俳句はユーモアを基本に自然の機微を、短歌は宇宙の不思議と生命の哀しさを詠いたい。

甲斐の谺(13/13)

龍太句碑「水澄みて四方に関ある甲斐の

俳句鑑賞の特徴
最後に蛇笏と龍太の俳句鑑賞について。結社のみならず新聞・雑誌・テレビの選者をつとめると、俳句作品の批評・鑑賞は必須になる。逆に、的確な批評・鑑賞ができないと選句は信頼できない。
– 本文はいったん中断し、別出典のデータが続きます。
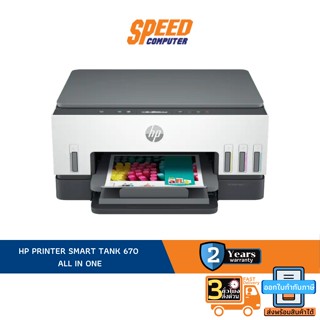 HP PRINTER SMART TANK 670 (6UU48A) ALL IN ONE 2YEAR ONSITE By Speed Computer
飯田蛇笏の俳句批評を最初に高く評価、絶賛したのは詩人の三好達治であった。昭和十七年九月に発刊された『諷詠十二月』において、次のように紹介している。一部のみ引用。
「・・・この作者はまた比類なき眼光と周密細緻な用意とを備へた、殆んど完全無欠と称しても差しつかへのない鑑賞批評家で、その月々の「秀作評釈」は、今日現在の俳諧を顧る者にとつて後世最も珍重さるべき古典的文学たるを私は信じて疑はない。その遍く行き渡つて手落ちのない理解と同情、その俊敏無比な感受性、その旺盛なる好奇心と想像力、その古典的教養、その進歩的熱意、とりわけその驚くべき広汎な範囲に及ぶ語感の感光度―まづこれらの点で、・・・月々のその長からぬ文章から、私などはどれほど新鮮な豊富な教示と啓蒙との恩恵に接してゐるか解らない位である。」
これにより俳人蛇笏の名は、一般読書人にまで広く知られることになり、結社誌「雲母」上の彼の批評・鑑賞が書物にまとめられる契機ともなった。
一方、蛇笏の選句や俳句の批評・鑑賞を引き継いだ龍太は、文章にも父に劣らず優れた才能を発揮した。龍太の文章力を評価した作家には、三浦哲郎永井龍男庄野潤三江藤淳などがいた。庄野潤三の評(『無数の目』について)に代表させておこう。
「面倒がらずに、まめによく書く。親切な文章を書く。また、茶目気もたっぷり持ち合わせている。散文を楽しんで書いている。風韻、含蓄というものを重んじる。」(福田甲子雄: 龍太散文の魅力『飯田龍太の時代』思潮社 参照)。
作家・井伏鱒二との四十年にわたる交誼も龍太の文章を魅力的にするに効果があったはず(『井伏鱒二飯田龍太往復書簡』角川学芸出版)。戦後に俳句入門をしたものは誰でも、龍太の鑑賞文(『俳句鑑賞読本(全)』立風書房)の独特の味わいに魅せられ、俳論、随想などまでも読みふけったのではなかろうか。蛇笏の旧仮名遣いの格調高い文章に対して、龍太の現代仮名遣いのゆったりした文章が馴染み易い。ただ、蛇笏と龍太の俳句鑑賞文を読み比べると論の進め方がよく似ている。これは継承したところであろう。